Quick and free OCR of PDFs using CLI

Posted on Nov 26, 2021

This is a short guide to explain how you can quickly OCR a scanned PDF on the command line.

Preparation

I assume you know how to use a terminal. And since I assume that, I assume you know how to use the package manager for your system. For macOS, this would be homebrew.

We will combine tesseract and imagemagick to do the magick for us: tesseract is the software that does the OCR for us. Since tesseract currently can’t open PDFs directly, we use imagemagick to convert our PDF to a TIFF file.

On macOS, install both tools like this:

brew install tesseract tesseract-lang imagemagick

Note: tesseract-lang is required if you want to analyze any language other than eng. Also, this might be different for other operating systems.

One-file OCR

To analyze just one file, use the following commands. I assume that your PDF file is called original.pdf. Further I assume that you’ve scanned your PDF with a resolution of 300 dpi.

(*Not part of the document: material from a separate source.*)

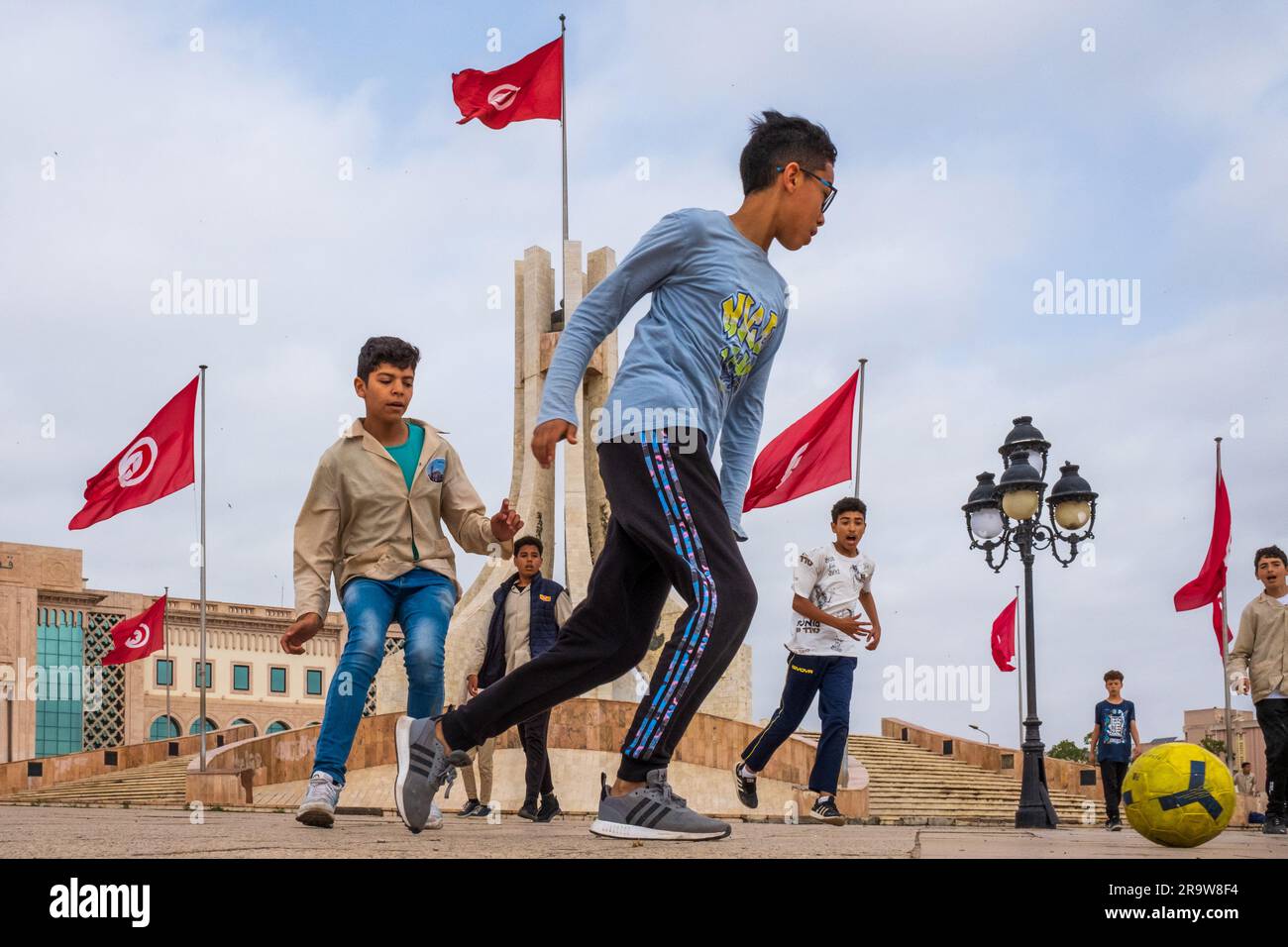 Junge Fußballspieler auf dem Kasbah Square in Tunis, Tunesien Stockfoto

If this is not the case, change the value 300 below to the actual resolution (e.g. 150 dpi is another common value).

convert -density 300 original.pdf original.tiff

Now that the PDF is converted to TIFF, tesseract can read it. In the command below, again, you may need to adjust the DPI. Also if you want to analyze a file in a different language, you need to change the eng value to the value for your language. (You can even combine those, e.g. eng+deu would indicate a document which is mainly written in English but also contains German text.)

tesseract original.tiff analyzed --dpi 300 -l eng pdf

When tesseract is done you should be able to copy text out of your PDF. If that worked well, I suggest to delete the TIFF file, as it is usually quite large: rm original.tiff

Mass OCR

If you want to analyze many PDFs, you’ll find a script below to help you with that. It assumes that the PDFs to analyze are in a folder called ./input. It will write the PDFs to a folder called ./output. These folders should be relative to the script file.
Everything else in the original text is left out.